When the Norwegian Nobel Committee awarded journalists Maria Ressa (Philippines) and Dmitry Muratov (Russia) The Nobel Peace Prize for 2021 for their efforts 'to safeguard freedom of expression, a precondition for democracy and lasting peace' it was a win for journalists globally.
This prize is a recognition of the Fourth Estate of journalists and their support teams of media workers who protect the fundamental rights of the freedom of the press under increasingly adverse conditions.
As people casually switch radio and television stations and scroll online the print media for news, nobody thinks of the invisible army of media workers behind the scenes, the studio operators, sub-editors, technical staff, camera people, graphic artists. Given the noise and fake news in social media, journalism today needs to be buttressed now more than ever.
When the Minister of Finance declared in his budget speech that it was the first time in 59 years as an independent nation that we faced health and economic challenges simultaneously–making this an 'exceedingly difficult period' he was also speaking of media workers. The 'shuttering of businesses and loss of income' has reportedly affected some media workers so badly they struggle to have three square meals a day.

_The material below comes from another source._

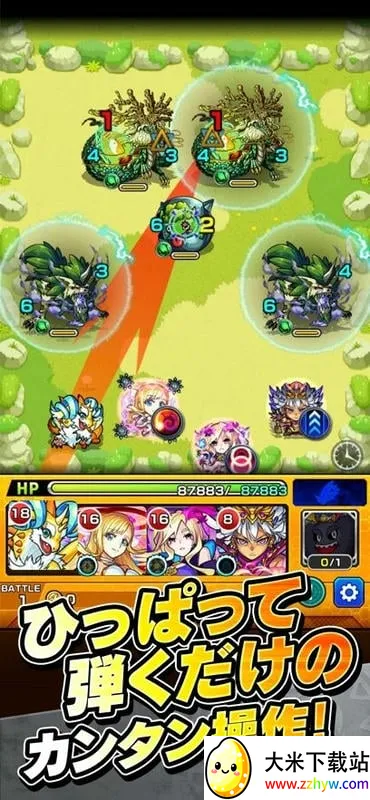 ﵯ(սϷ)v2.2.0 ׿ͼ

The irony is that the very journalists covering the stories of people suffering from the fallout of COVID-19 are themselves victims of health and economic challenges. And according to my colleague Wesley Gibbings, recently elected to serve on the steering committee for the Global Forum for Media Development, this is not new. The media have felt the brunt of the pandemic from the very beginning. He wrote this on his blog.
"A study conducted by the International Federation of Journalists on the state of global journalism in the current COVID-19 era, last year polled 1,300 frontline journalists in 77 countries and found the following:
1. Nearly every freelance journalist has lost revenue or work opportunities
2. More than half of all journalists are suffering from stress and anxiety.
3. More than a quarter lack essential equipment to enable them to work safely from home, while one in four lack any protective equipment to work in the field.
4. Dozens of journalists have been arrested, faced lawsuits or been assaulted.
5. More than a third of journalists have shifted their focus to covering COVID-19 related stories.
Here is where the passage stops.